Gli dà 10 euro per ‘il solito’, ma era un carabiniere: tre arresti nella casa dello spaccio

I carabinieri hanno arrestato in via Cornelio Tacito, i coniugi Adelina Clemente e Luigi Gentile di Cerignola, insieme a Salvatore Dascoli, quest'ultimo per resistenza a pubblico ufficiale

I tre arrestati

Da un po’ di giorni ai carabinieri di Cerignola era stato segnalato un anomalo viavai di persone alle spalle delle cosiddette ‘fosse granaie’, precisamente in via Cornelio Tacito, una stradina del centro a senso unico, dove non vi era alcun motivo che tanti passanti, peraltro di altri quartieri della città, vi transitassero e si fermassero tutte davanti a una specifica abitazione.

A quel punto i militari del Nucleo Operativo e Radiomobile, nel pomeriggio di sabato hanno predisposto un servizio di appostamento, in abiti borghesi, condotto con la massima cautela, in considerazione non solo del fatto che l’abitazione interessata fosse munita di un modernissimo impianto di videosorveglianza, ma anche che, in una stradina così piccola, sarebbe stato molto semplice essere notati.

Da subito i militari hanno visto uscire due persone dall’abitazione, delle quali una è stata immediatamente bloccata, mentre l’altra è riuscita a salire a bordo della propria autovettura e a fuggire. Ne è nato quindi un inseguimento per le vie del centro di Cerignola, che si è concluso dopo qualche minuto. Il conducente è stato immediatamente perquisito e, nelle tasche dei pantaloni, gli è stata trovata una dose di cocaina. L’uomo bloccato all’esterno dell’abitazione, invece, ha consegnato spontaneamente una dose di hashish, dichiarando di averla appena acquistata da tale Luigi, dimorante per l’appunto all’interno dell’abitazione dalla quale i due assuntori erano appena usciti.

I militari, dopo aver condotto i due assuntori, uno di Barletta e l’altro di San Ferdinando di Puglia, presso gli uffici del comando compagnia di Cerignola, sono tornati a bussare alla porta dello spacciatore che nel frattempo aveva tirato sciacquone del water, verosimilmente azionato per gettare lo stupefacente nascosto in casa.

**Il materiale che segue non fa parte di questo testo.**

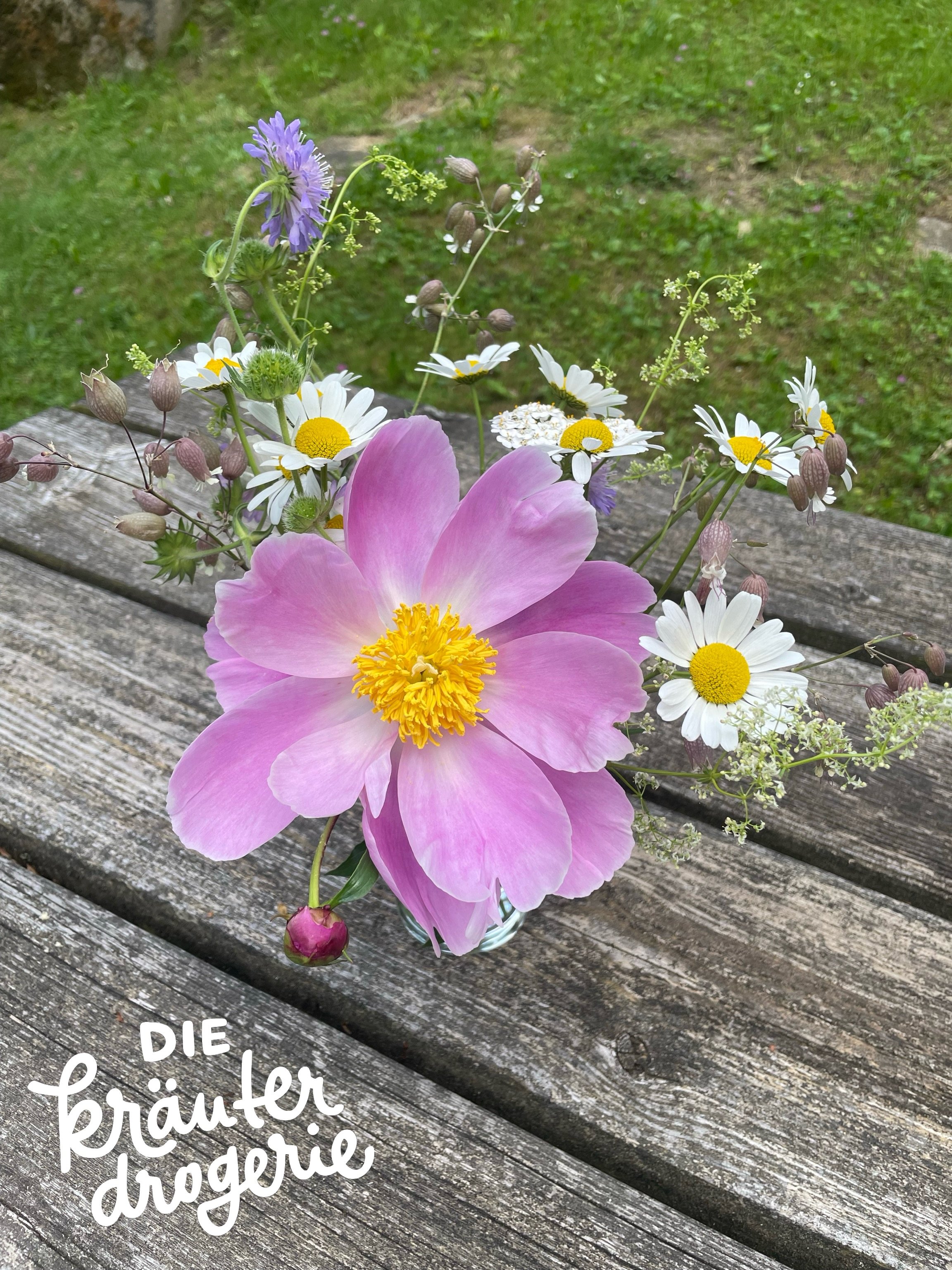 Unsere liebe Kr&auml;uterdrogistin Margit war in den Bergen unterwegs und hat uns diese wundersch&ouml;nen Einblicke mitgebracht. So sch&ouml;n, denn es gr&uuml;nt und bl&uuml;ht an jeder Ecke! 🌲🌸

All’ingresso dell’abitazione, gli uomini del 112 si sono quindi trovati di fronte una donna, identificata poi in Adelina Clemente, cl. '89, con precedenti di polizia, che si avventava contro i militari con violenza, minacciandoli pesantemente. La donna infatti nutriva già una certa avversione verso i militari, che nelle settimane scorse gli avevano arrestato il fratello Matteo, prima per resistenza a pubblico ufficiale e poi per la detenzione di 18 grammi di cocaina, fatto per il quale si trova tuttora in carcere. Bloccata la donna, si procedeva all’identificazione del marito Luigi Gentile, cl. '87, soggetto già noto agli operanti perché più volte arrestato per spaccio.

Durante la perquisizione è poi avvenuto anche un fatto singolare, dai tratti grotteschi. Mentre era in corso la perquisizione domiciliare, una persona, che evidentemente non si era accorto minimamente della presenza dei carabinieri, ha bussato a una finestra dell’abitazione che dava sulla strada. Ad aprirla, però, un carabinieri al quale la persona ha messo in mano dieci euro esclamando: “il solito grazie!!!".

Confermata ancora di più, qualora ce ne fosse stato ancora bisogno, l’attività di spaccio posta in essere all’interno dell’abitazione, i militari hanno dichiarato in arresto sia Gentile, per spaccio di cocaina e di hashish, che Clemente e Salvatore Dascoli, il pregiudicato sanferdinandese che era scappato a bordo con l’autovettura e che è stato deferito in stato di libertà anche per guida sotto l’effetto di sostanze stupefacenti, essendosi rifiutato di sottoporsi agli accertamenti tecnici specifici, ed è stato segnalato, insieme all’altro assuntore, all’Autorità prefettizia. Tutti gli arrestati, su disposizione del P.M. di turno, sono stati sottoposti agli arresti domiciliari.